For those who marched into the city that day it was a breath of spring. For Israel, the long wait of winter seemed to be coming to a close. The lonely, long dark vigil of the Kingdom was past. He was here, the Messiah had come! the waiting was over, deliverance from the oppression of Roman rule seemed to be in their grasp.

Visions of new happy times came to mind. David had founded Israel as a nation; he had established a capital, a royal court, a government, a kingdom. Israel had once been a powerful and respected Nation. The poor and oppressed were treated with justice. Such glory had long since departed, and its renewal was long overdue.

That day the gathering crowd saw the Kingdom in the pangs of rebirth. God would rule again! The supremacy of Israel would again be felt among the nations. Yahweh again would dwell in the temple. But it was a false spring, very soon their shouts of Hosannah would begin to stick in their throats. The ever growing  crowd which swelled the joyful chorus became a very angry mob. Their song of triumph turned into a coarse chant: “Crucify Him” they shouted, “We have no king but Caesar.”

The hopes of so many people lay lifeless on the palm covered ground. And so that scene has been repeated, over & over in many successive generations since then. It may even be the story of our own pilgrimage, because we, like those pilgrims of old, can so often begin with noble motives, high hopes, clear visions, & strong resolve. We are, just as they were, eager to shout “Hosannah!” The enthusiasm of those around us can be contagious.

But there can come a day when we realise that we have not counted the cost.  On Palm Sunday it is prudent to take stock.

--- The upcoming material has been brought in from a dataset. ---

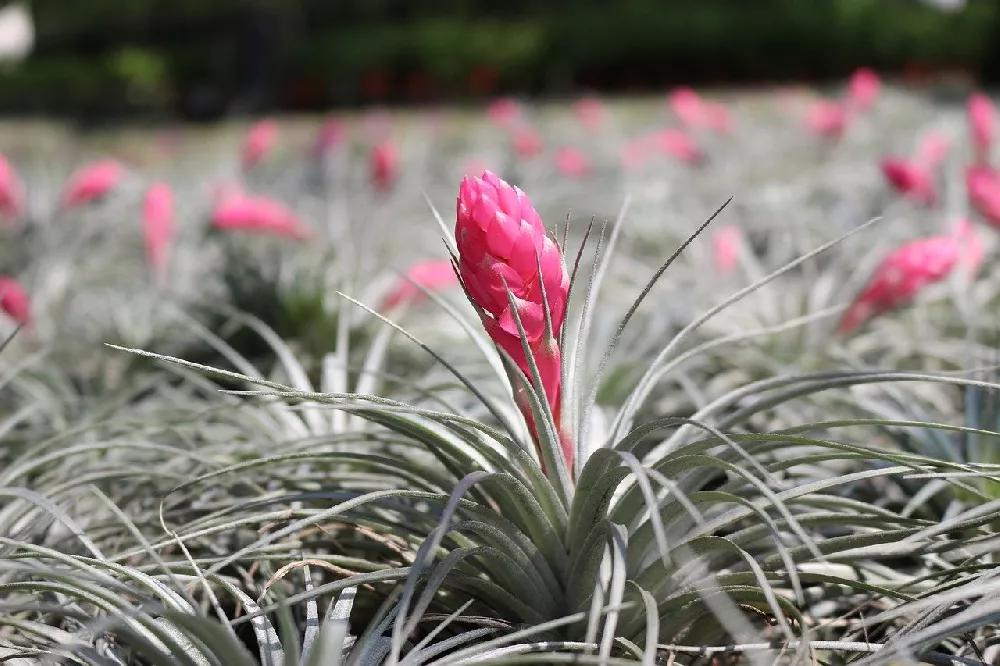 Air Plants pink flower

Look at the world around us and ask ourselves Have we put aside our ideals in favour of easier approaches to life. Have we allowed ourselves to admit what we thought was a triumph was only a false spring ?

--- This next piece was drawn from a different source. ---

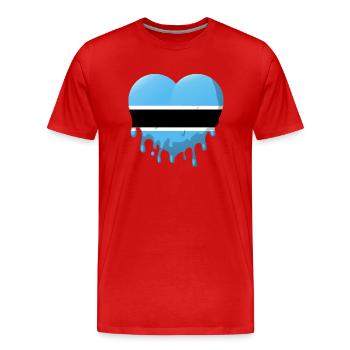 Botswana Flagge Botswana Fahne Afrika - Männer Premium Bio T-Shirt - Rot - Vorne - Damien (186cm)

Because even a False Spring can be a taste; a harbinger of things to come. Winter has not had the last laugh, for sure spring will come again! So we can also take heart today because Palm Sunday is also a symbol of great things to come, – of resurrection. Certainly the false spring is a reminder to us that we cannot move from Palm Sunday to Easter without journeying with Jesus from Jerusalem to Golgotha and the tomb.

For it is true that as soon as we are born we begin to die. It is also true that before we can begin to live we must learn to die. Only when we have mastered that truth are we free for abundant living. How can we master that lesson?

Recall the Lord’s word: “I am the resurrection and the life; he who believes in me, though he die yet shall he live, and whoever lives and believes in me shall never die.” (John 11:25)

There is no need for us to live in the shadow of death, once we have come to grips with that truth we can get on with what is significant in our lives, accepting that winter will return after a false spring, but also knowing that true spring will come and we can abandon all pretence and get on to living with purpose.  Death has been conquered and we can say those words of St Paul (1 Corinthians 15:54-57) “Death has been swallowed up in victory.

Where O death, is your victory?

Where O death, is your sting?

Thanks be to God, who gives us the victory

through our Lord Jesus Christ.”

So we should not be too despairing today. Today is only a kind of false spring. Christ did not just go riding on a colt into Jerusalem to face his appalling his death. He rode there to His destiny to seal His fate and the future of all who believe in Him.

This story is a symbol of things to come, of things as they can be, because that false spring assures us that the Kingdom will come to those who have eyes of faith. Even as the shadow of a cross hangs over today’s “Triumphal entry into Jerusalem “, making our celebration short lived, we should see this day as our encouragement to walk in faith towards a garden of agony and a hill of suffering, confident that night will pass and a third day will be ushered in.

The false spring of Palm Sunday says to us in the words of 1:Peter 5:10

“Not yet. Wait a little longer. We must first pass the cross and the tomb.” “And after you have suffered a little while, the God of all grace, who has called you to his eternal glory in Christ, will himself restore, establish, and strengthen you. To him be the dominion for ever and ever. Amen.”